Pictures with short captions

================================

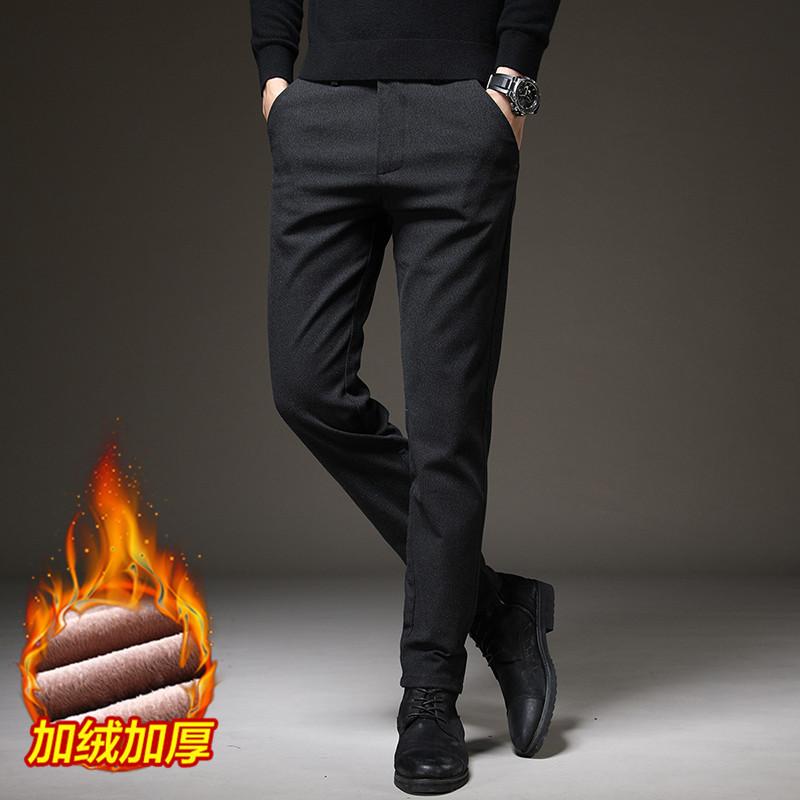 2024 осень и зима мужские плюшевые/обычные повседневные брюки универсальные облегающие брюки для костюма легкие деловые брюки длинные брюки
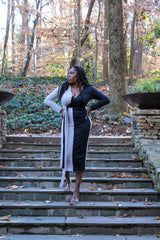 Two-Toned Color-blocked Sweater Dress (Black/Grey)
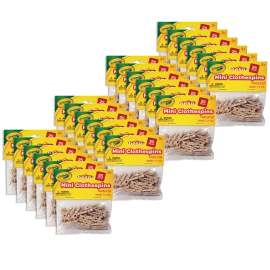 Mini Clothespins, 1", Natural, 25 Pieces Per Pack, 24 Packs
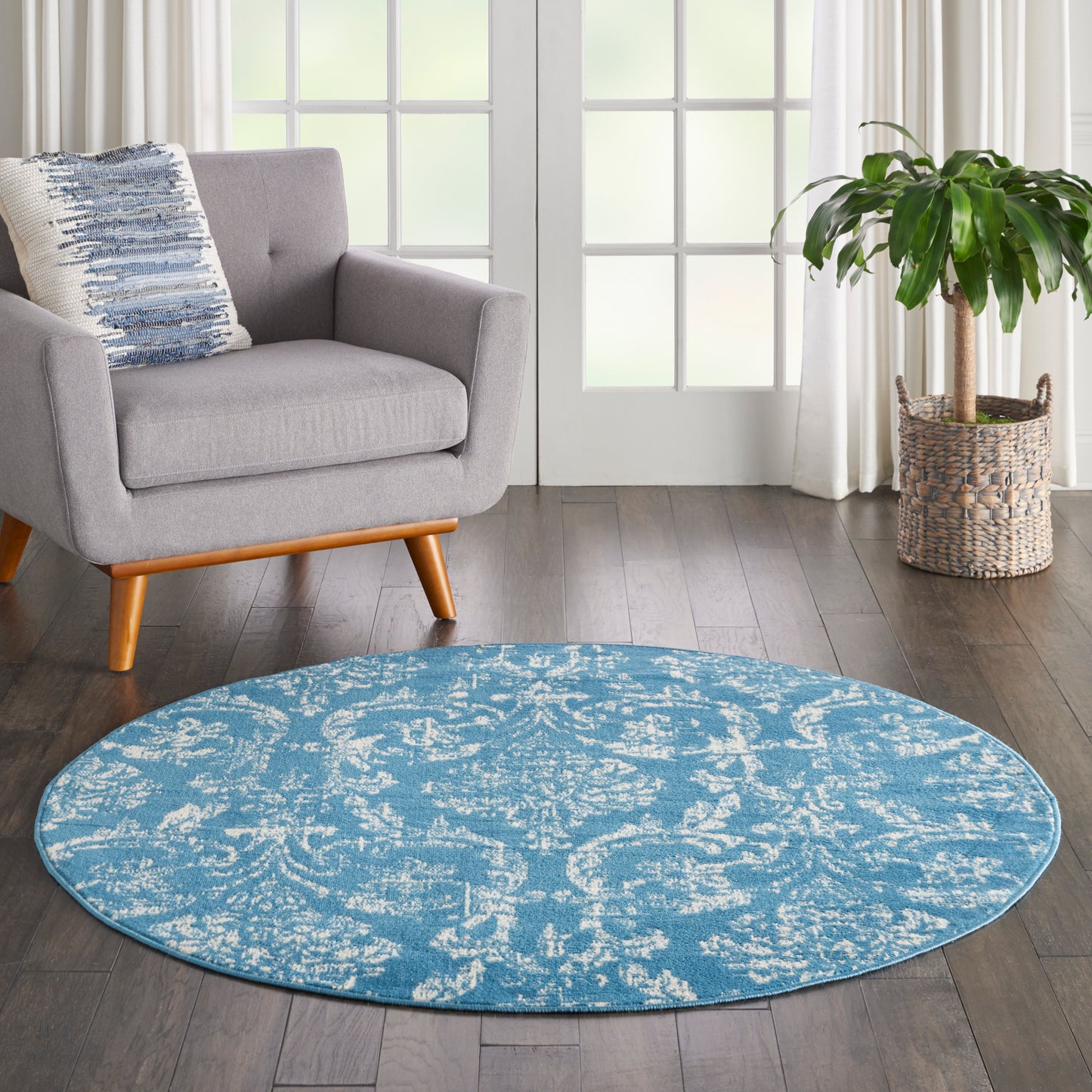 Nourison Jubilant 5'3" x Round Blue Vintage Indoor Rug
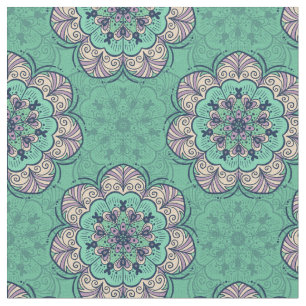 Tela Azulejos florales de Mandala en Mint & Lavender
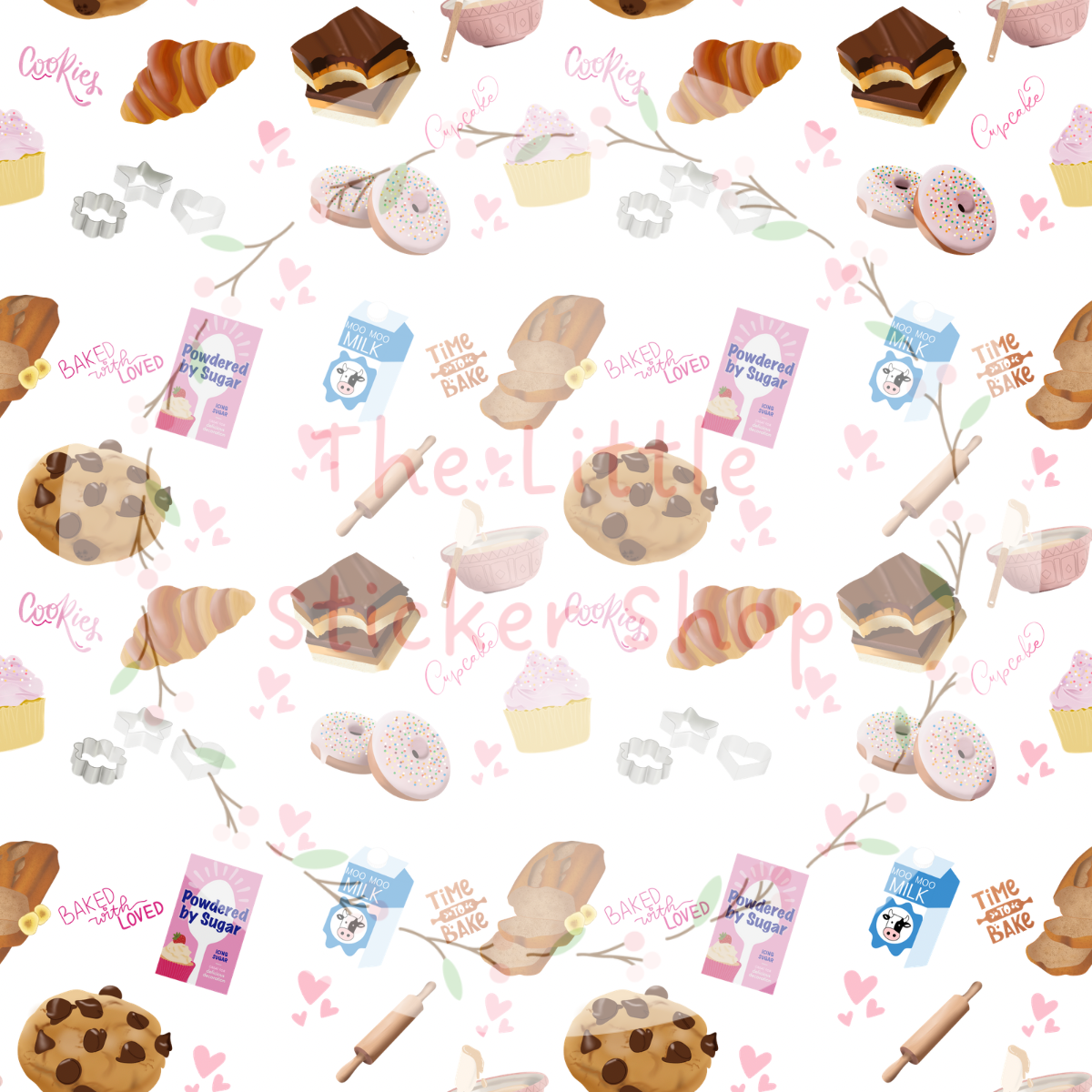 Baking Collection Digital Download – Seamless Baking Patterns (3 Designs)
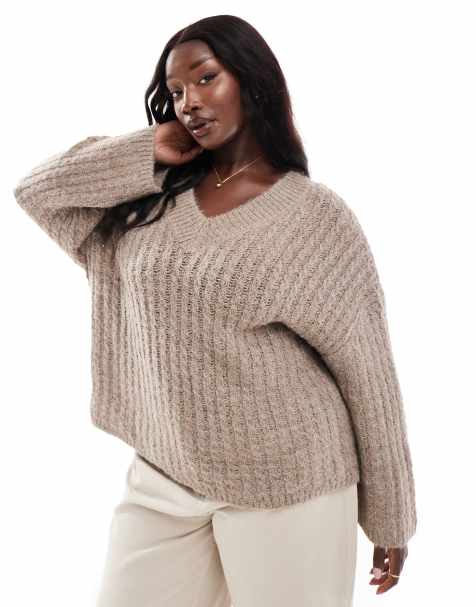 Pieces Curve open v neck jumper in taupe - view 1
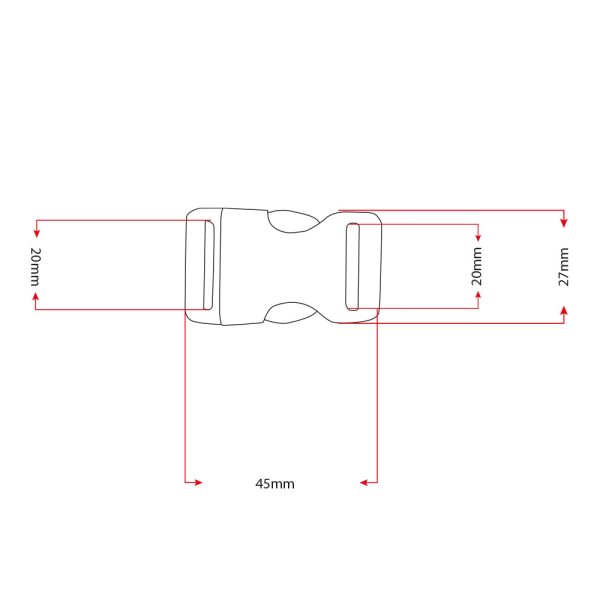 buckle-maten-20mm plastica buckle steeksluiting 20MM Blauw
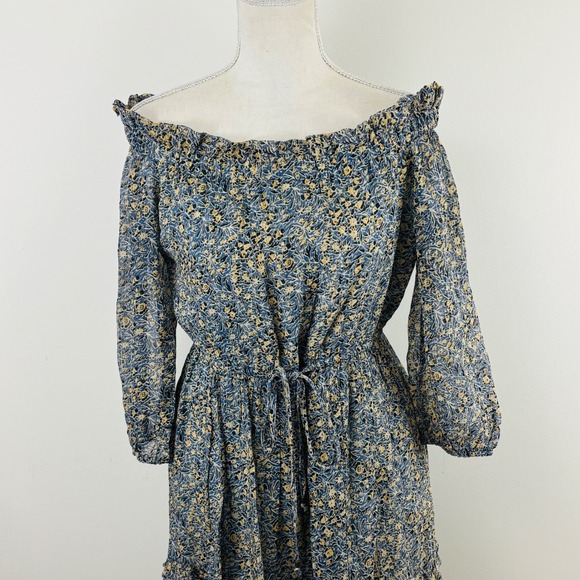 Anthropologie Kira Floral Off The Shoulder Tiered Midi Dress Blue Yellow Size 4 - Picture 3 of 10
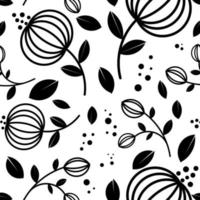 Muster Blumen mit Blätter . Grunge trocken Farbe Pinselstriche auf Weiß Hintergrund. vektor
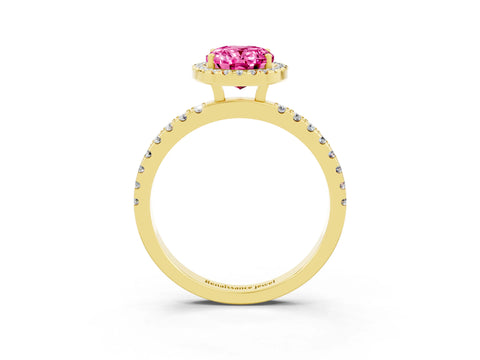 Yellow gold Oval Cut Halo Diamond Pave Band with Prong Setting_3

================================

Exercise instructions
Please return, exactly and with pictures omitted, the lines from the line holding "Muster Blumen mit" through the end of the data above, inclusive.

Reply
 Muster Blumen mit Blätter . Grunge trocken Farbe Pinselstriche auf Weiß Hintergrund. vektor
 Yellow gold Oval Cut Halo Diamond Pave Band with Prong Setting_3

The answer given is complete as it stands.